Comunque, sì, è presente anche la psicologia.
Molte pratiche marziali, se praticate correttamente, donano benefici alla personalità e al carattere.
Occorre però accettare di lavorare e fare gli esercizi.
Tutto quello che avviene nel corpo si riflette nella mente, nelle emozioni.

Dal punto di vista emotivo, quali benefici può dare?

L’arte marziale in origine era praticata da soldati e guardie del corpo, persone che dovevano essere pronte a difenderne altre e combattere contro avversari.
Dovevano avere non solo un corpo forte, ma anche essere bravi a controllare le emozioni, non bloccarsi o scappare di fronte al pericolo. La pratica del Kung Fu aiuta a controllare le risposte emotive.
e in generale lavora sull’autostima.

In che modo?

Quando, ad esempio, riesci a stare su una posizione e eseguire un movimento che fino a poco tempo prima sembrava impossibile da eseguire, sorge un senso di soddisfazione e potenza.
La percezione che io posso controllare il mio corpo è una sensazione positiva che si riflette in modo positivo su tutta la personalità.
Proviamo a pensare quando da bambini abbiamo mosso i primi passi, quando ci siamo arrampicati su una sedia per la prima volta, … questa è la sensazione di cui parlo.
Abbiamo sempre queste sfide che da adulti scordiamo.
Se riesco ad avere potere sul mio equilibrio, sulla mia stabilità mi sento più sicuro e la mia parte emotiva ne beneficia: sono sicuro quando mi relaziono con altri, quando attraverso la strada.

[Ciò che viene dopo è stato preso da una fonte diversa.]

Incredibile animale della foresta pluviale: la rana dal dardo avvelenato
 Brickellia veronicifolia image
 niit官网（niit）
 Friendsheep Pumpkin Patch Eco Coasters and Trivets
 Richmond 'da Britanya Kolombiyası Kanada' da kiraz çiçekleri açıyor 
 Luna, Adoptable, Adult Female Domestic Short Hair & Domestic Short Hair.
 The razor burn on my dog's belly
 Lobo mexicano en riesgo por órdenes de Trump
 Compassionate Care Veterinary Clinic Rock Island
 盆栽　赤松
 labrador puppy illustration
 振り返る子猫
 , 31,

Tecnicamente, in cosa consiste il Qi? Parola spesso utilizzata ma…

In cinese Qi vuol dire energia.  Su questa parola nella tradizione si sono sovrapposti tanti significati e annotazioni.Nella sua complessità però il senso è molto semplice:  secondo la fisica tutto è energia che si trasforma e, conseguentemente, si può manifestare come energia elettrica, termica, radiante e così via… quindi, abbiamo l’elettricità, il calore e il movimento che sono forme di energia.
La stessa cosa dice il pensiero cinese: Il Qi è tutto ciò che si muove nell’universo è la forza che lo muove.
Come muove l’universo muove anche l’uomo. Quindi, finché abbiamo Qi, finché abbiamo energia ci muoviamo, quando finisce moriamo.
La cultura cinese ha sviluppato molte tecniche di ginnastica, di meditazione e di respirazione che agiscono sulla nostra energia vitale, sull’energia interna.
Il Qi Gong, che vuol dire esercizio dell’energia,  è l’insieme delle tecniche e dei metodi per influire sul nostro stato energetico, attraverso la postura, il movimento, la respirazione e determinati esercizi mentali.
Ci sono esercizi che posso fare al risveglio, esercizi che la sera mi aiutano a dormire e riposare meglio o esercizi che mi permettono di modulare pressione arteriosa o influire sul battito cardiaco, accelerarlo o rallentarlo.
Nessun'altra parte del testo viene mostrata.